Ini tampak pada posisi dana asing di Surat Utang Negara (SUN). Data Direktorat Jenderal Pengelolaan Utang per 21 Januari 2009 menunjukkan kepemilikan asing di SUN Rp 86,49 triliun. Padahal, per Desember 2008, nilainya Rp 87,61 triliun. "Lelang SUN tidak menaikkan suplai dolar," kata Direktur Currency Management Group Farial Anwar.
Faktor ketiga, kepercayaan terhadap bank di Indonesia turun akibat kerugian transaksi derivatif.

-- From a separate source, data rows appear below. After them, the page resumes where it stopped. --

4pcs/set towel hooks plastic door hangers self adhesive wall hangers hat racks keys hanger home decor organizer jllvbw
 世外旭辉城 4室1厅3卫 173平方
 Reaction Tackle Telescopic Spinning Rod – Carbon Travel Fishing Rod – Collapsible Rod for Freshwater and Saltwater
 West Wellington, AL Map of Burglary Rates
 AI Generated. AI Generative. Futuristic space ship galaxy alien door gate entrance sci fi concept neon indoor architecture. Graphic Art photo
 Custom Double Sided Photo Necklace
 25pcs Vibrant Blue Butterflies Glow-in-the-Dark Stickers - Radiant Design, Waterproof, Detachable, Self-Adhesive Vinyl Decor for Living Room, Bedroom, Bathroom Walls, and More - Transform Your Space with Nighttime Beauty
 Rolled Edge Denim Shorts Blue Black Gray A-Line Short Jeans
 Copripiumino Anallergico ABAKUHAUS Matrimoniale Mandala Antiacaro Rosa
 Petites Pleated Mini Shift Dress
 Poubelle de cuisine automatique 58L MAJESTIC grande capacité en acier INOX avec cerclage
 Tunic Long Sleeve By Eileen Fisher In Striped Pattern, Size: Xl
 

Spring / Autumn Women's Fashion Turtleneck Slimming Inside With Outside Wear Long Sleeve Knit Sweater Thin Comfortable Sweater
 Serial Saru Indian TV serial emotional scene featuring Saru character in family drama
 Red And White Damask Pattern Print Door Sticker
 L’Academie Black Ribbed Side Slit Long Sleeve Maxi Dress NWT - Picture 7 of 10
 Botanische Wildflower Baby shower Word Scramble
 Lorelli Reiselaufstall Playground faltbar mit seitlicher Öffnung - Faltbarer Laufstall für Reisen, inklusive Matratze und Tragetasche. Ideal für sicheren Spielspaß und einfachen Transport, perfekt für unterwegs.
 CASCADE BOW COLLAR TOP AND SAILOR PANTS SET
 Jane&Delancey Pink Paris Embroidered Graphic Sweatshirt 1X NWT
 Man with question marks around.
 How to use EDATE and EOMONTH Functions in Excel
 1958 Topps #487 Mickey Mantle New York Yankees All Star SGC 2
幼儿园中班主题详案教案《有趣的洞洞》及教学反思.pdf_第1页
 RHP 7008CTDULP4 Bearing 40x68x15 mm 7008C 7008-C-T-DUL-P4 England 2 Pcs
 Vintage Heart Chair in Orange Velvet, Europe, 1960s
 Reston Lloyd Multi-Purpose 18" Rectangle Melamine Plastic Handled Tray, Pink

Bank Indonesia (BI) pernah bilang, potensi kerugian derivatif US$ 3 miliar. "Ternyata perbankan Indonesia tidak sesolid yang dibayangkan," kata Tony Prastyantono, Ekonom Bank BNI.
Kalkulasi Tony, rupiah selama tahun ini bergerak antara Rp 10.000 - Rp 11.000 per dolar AS. Syaratnya, cadangan devisa bertambah US$ 5 miliar lagi, menjadi sekitar US$ 57 miliar. "BI lebih mudah intervensi ke pasar jika ada tambahan ini," kata Tony.
Perkiraan Kendarto, rupiah bergerak antara Rp 10.900-Rp 11.300 per dolar AS. Sementara Farial, meramal kurs rupiah masih dalam rentang Rp 11.000-Rp 11.250 per dolar AS. "Kalau BI tak mengawal, bisa-bisa rupiah Rp 12.000 per dolar AS," kata Farial.